Considering the success of the AIF regime in domestic market and a with a view to encourage fund regime in IFSC, in 2015, the SEBI had issued detailed guidelines to facilitate and regulate the securities market in India’s first IFSC at GIFT City.

Key differences in IFSC AIFs vs AIF regulations in India

1.    Single Window Clearance 

The Regulatory powers of 4 regulators (RBI, SEBI, IRDA and PFRDAI) are vested in IFSCA which ensure a smooth and single window approval for setting up in IFSC.

2.    Leverage

The SEBI AIF regulations restrict category I and Category II AIFs from borrowing or engaging in any leverage. The only excepting is to meet temporary funding requirements upto 30 days, on not more than 4 occasions in a year and subject to a maximum of 10% of investible funds. Category II AIFs are permitted to engage in leverage subject to consent from investors of the fund, upto a maximum limit not exceeding 2 times of the Net Asset Value.

However, these restrictions do not apply to IFSC AIFs. They are permitted to take leverage subject to-

  •  The maximum leverage by the IFSC AIF, along with the methodology for calculation of leverage, shall be disclosed in the placement memorandum
  • The leverage shall be exercised subject to consent of the investors
  • The IFSC AIF employing leverage shall have a comprehensive risk management framework appropriate to the size, complexity and risk profile of the fund.

3.    Co-investments

The regulatory framework for AIFs is such that monies from all investors is pooled in the AIF and all the investors generally participate in deals on basis of their pro-rata share in the AIF. The AIF is not permitted to allow investors to increase their allocation to a particular deal on a standalone basis.

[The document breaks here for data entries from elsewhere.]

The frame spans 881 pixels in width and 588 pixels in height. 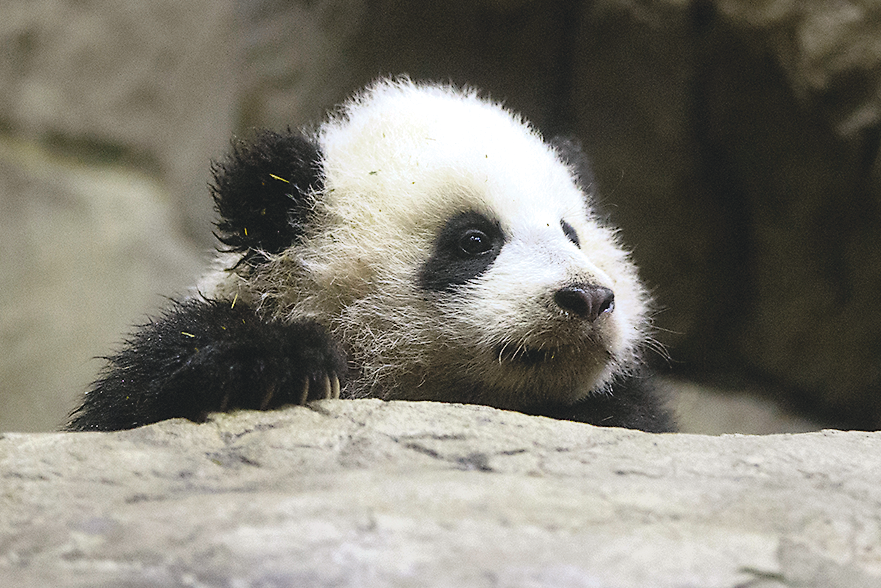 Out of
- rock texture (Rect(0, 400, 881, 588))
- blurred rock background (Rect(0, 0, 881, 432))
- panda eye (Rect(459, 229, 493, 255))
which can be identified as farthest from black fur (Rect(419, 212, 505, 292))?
blurred rock background (Rect(0, 0, 881, 432))

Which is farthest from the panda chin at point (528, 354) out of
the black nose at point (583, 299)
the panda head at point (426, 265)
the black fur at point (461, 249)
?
the black fur at point (461, 249)

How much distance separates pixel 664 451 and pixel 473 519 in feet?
1.93

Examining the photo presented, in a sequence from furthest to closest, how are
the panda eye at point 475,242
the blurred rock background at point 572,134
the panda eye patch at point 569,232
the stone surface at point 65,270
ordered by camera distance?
the stone surface at point 65,270, the blurred rock background at point 572,134, the panda eye patch at point 569,232, the panda eye at point 475,242

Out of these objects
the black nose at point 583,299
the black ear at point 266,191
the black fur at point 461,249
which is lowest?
the black nose at point 583,299

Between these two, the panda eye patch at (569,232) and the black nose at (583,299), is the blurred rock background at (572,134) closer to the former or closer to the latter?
the panda eye patch at (569,232)

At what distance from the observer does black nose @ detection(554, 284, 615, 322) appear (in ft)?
6.81

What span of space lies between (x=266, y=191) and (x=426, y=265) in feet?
1.67

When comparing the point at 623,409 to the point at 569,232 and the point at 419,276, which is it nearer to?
the point at 569,232

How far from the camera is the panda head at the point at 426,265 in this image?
221 centimetres

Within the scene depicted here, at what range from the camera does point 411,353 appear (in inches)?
91.0

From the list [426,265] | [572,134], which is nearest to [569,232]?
[426,265]

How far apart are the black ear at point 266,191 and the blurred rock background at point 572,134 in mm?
1470

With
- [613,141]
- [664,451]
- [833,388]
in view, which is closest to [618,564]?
[664,451]

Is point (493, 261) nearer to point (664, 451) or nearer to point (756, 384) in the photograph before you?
point (664, 451) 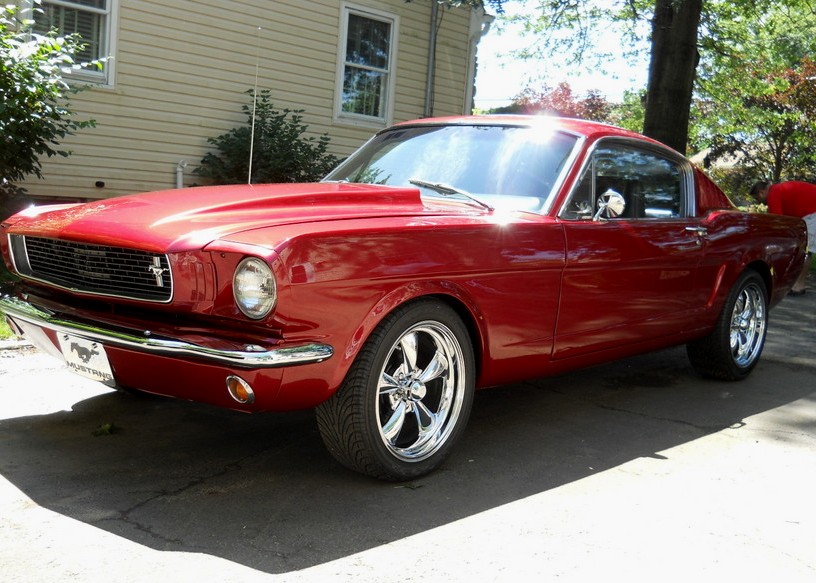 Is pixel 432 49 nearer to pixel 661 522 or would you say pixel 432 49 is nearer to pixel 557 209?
pixel 557 209

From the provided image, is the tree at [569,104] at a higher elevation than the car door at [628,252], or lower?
higher

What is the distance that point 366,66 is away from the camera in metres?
13.4

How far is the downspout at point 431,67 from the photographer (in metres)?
14.1

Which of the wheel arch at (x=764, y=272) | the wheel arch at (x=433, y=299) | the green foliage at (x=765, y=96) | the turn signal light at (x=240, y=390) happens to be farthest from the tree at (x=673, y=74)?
the turn signal light at (x=240, y=390)

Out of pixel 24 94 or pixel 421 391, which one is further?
pixel 24 94

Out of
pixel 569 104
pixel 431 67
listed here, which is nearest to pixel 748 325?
pixel 431 67

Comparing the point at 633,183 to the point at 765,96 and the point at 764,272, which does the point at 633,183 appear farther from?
the point at 765,96

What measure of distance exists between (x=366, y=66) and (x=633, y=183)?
8.58 metres

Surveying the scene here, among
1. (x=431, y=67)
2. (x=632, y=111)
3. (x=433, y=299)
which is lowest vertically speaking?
(x=433, y=299)

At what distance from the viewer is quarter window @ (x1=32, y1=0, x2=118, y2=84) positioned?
10.2m

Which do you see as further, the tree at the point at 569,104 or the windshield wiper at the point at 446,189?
the tree at the point at 569,104

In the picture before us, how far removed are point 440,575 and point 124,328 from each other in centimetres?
151

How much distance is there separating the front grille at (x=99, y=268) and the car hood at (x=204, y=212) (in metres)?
0.05

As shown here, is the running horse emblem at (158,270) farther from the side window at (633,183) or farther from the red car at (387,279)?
the side window at (633,183) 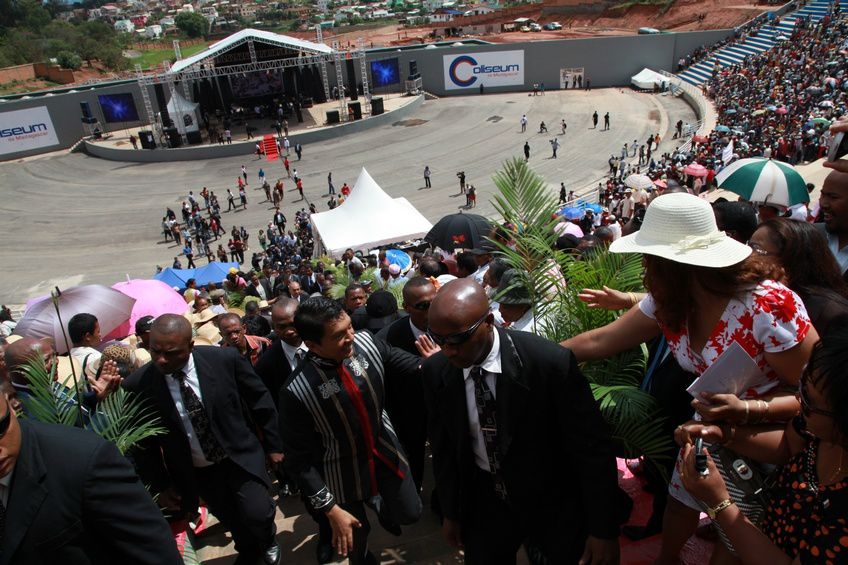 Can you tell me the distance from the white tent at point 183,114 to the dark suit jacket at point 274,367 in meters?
36.7

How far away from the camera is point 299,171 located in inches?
1261

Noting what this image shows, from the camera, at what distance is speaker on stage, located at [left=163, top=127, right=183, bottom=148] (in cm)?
3627

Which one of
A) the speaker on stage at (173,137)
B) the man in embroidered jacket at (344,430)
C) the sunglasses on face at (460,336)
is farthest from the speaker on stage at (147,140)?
the sunglasses on face at (460,336)

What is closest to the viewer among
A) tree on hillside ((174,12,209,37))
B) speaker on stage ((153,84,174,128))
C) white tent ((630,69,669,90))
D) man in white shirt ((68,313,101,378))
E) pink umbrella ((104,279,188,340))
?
man in white shirt ((68,313,101,378))

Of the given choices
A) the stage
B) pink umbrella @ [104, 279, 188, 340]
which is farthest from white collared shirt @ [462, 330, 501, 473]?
the stage

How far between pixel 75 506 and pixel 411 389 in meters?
2.12

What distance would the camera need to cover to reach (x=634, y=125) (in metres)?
33.8

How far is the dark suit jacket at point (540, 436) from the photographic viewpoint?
8.61ft

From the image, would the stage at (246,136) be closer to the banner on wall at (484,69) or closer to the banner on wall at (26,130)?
the banner on wall at (26,130)

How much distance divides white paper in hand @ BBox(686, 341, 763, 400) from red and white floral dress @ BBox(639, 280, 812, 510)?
0.07m

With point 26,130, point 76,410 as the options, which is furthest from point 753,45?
point 26,130

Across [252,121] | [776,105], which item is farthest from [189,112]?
[776,105]

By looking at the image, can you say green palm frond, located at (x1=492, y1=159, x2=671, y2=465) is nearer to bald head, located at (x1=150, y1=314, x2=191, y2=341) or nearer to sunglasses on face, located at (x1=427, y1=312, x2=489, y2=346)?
sunglasses on face, located at (x1=427, y1=312, x2=489, y2=346)

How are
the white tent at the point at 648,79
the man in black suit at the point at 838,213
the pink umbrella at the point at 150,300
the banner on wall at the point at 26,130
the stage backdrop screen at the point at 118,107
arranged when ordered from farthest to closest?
the white tent at the point at 648,79
the stage backdrop screen at the point at 118,107
the banner on wall at the point at 26,130
the pink umbrella at the point at 150,300
the man in black suit at the point at 838,213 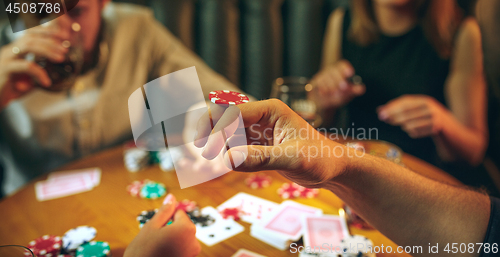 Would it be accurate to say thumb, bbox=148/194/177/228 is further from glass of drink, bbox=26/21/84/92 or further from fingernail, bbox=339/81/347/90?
fingernail, bbox=339/81/347/90

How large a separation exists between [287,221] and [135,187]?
0.47 metres

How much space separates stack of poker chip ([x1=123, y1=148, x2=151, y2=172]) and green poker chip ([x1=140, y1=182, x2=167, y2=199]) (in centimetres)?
15

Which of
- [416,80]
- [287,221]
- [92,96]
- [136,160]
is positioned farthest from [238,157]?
[416,80]

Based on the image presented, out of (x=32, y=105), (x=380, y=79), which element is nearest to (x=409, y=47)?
(x=380, y=79)

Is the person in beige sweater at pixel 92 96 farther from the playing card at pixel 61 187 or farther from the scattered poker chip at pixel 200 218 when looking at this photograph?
the scattered poker chip at pixel 200 218

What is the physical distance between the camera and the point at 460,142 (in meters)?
1.43

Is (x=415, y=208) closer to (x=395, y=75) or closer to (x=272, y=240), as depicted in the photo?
(x=272, y=240)

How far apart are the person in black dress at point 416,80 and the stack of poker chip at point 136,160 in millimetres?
702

However, IFSC AIFs are permitted to co-invest in portfolio company through a segregated portfolio by issuing a separate class of units and such that the investments by such segregated portfolios shall, in no circumstance, be on terms more favourable than those offered to the common portfolio of the AIF; and appropriate disclosures have been made in the placement memorandum regarding creation of such segregated portfolio. This will simplify deal structuring and provide flexibility to AIFs and investors to allocate more capital to lucrative opportunities.

4.    Diversification Norms

As per SEBI Regulations, category I and II AIFs cannot invest more than 25% on the investable funds in any one investee company. For Category III AIFs, this is capped at 10%. However, for IFSC AIFs, these limits do not apply provided appropriate disclosures have been made in the placement memorandum and the investments by AIFs are in line with the risk appetite of the investors.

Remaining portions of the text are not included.